Why don’t languages just stay the same? Why does each generation of speakers introduce changes even though a steady state would seem to have served the communicative goals of a language adequately? These are questions to which answers are to be found by considering language as a semeiotic, a system of signs.
As indicated in an earlier post (“The Telos of Linguistic Change,” April 7, 2013), one’s first recourse in a productive approach to understanding the rationale of language change should be to thinking about change in a broader framework, to wit:
“[U]nderlying all other laws is the only tendency which can grow by its own virtue, the tendency of all things to take habits…. In so far as evolution follows a law, the law or habit, instead of being a movement from homogeneity to heterogeneity, is growth from difformity to uniformity. But the chance divergences from laws are perpetually acting to increase the variety of the world, and are checked by a sort of natural selection and otherwise…, so that the general result may be described as ‘organized heterogeneity,’ or, better, rationalized variety” (Charles S. Peirce, Collected Papers 6.101; emphasis added).
This quotation from the modern founder of the theory of signs is to be combined with what the prominent interwar theoretician of historical linguistics, Edward Sapir, characterized as “drift” (both passages are from his Selected Writings, p. 382):
“Language moves down time in a current of its own making. It has a drift…. The linguistic drift has direction. In other words, only those individual variations embody it or carry it which move in a certain direction, just as only certain wave movements in the bay outline the tide.”
“Wherever the human mind has worked collectively and unconsciously, it has striven for and attained unique form. The important point is that the evolution of form has a drift in one direction, that it seeks poise, and that it rests, relatively speaking, when it has found this poise.”
Present possibilities with greater or lesser powers of actualization exist at any given historical stage of a language. Innovations that come to be full-fledged social facts, i. e., changes, must have something about their form that enables them to survive. The aggregate of such innovations-become-changes is what constitutes the drift of a language.

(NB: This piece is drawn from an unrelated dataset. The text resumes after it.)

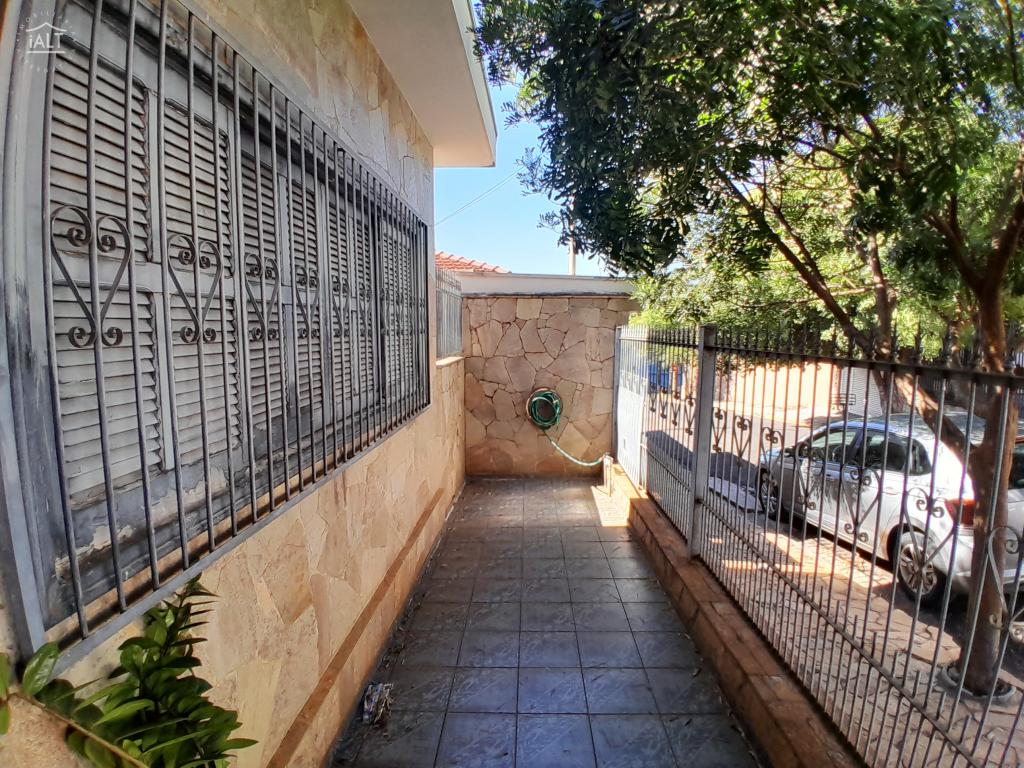 Casa à venda em Vila Guzzo, Catanduva - foto 2 de 14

Beyond such broad generalizations, what is needed in order to understand individual linguistic changes is the principle whereby drift is further defined as what might be called “the triumph of the iconic.” In other words, the trajectory of change, in the long run, follows an arc leading toward iconicity, which is the alignment between form and meaning. In the working out of this trajectory, the form-meaning alignment is regularly aided by a real tendency of change from the marked to the unmarked member of the linguistic units and categories involved.

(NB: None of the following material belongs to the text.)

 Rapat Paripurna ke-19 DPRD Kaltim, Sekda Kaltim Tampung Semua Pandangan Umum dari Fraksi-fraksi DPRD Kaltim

Here is an example from contemporary American English. For some time now, the adjective fewer in the colloquial variety of speech has been replaced by less, so that the normative (and more conservative) “fewer people” comes out as “less people,” etc. The norm requires fewer whenever the noun quantified is a so-called count noun, and less when it is a so-called mass noun. The directionality of the replacement of fewer by less even when the noun modified is a mass noun is clear in one distinct respect: the shorter of the two adjectives is winning out in the drift of the language over the longer one. The semiotic upshot of this drift is equally clear: the meaning of lesser number is better fitted to the form that is shorter, i. e., to less rather than to fewer, since the latter is one syllable longer than the former. Here we have the establishment over time of the iconic principle, understood in this case as the triumph of uniformity over variety.
Markedness also plays a role in this development collaterally. The marked is defined as the conceptually more restricted than the unmarked, a principle that can take several hypostases. Here the adjective fewer, applying as it does normatively to count nouns, is the marked member because individuation (as in counting) is marked vis-à-vis non-individuation (as in sets or groups). The drift away from fewer toward less is thus an instantiation of the semiotic principle that dictates the change from marked to unmarked in the long run.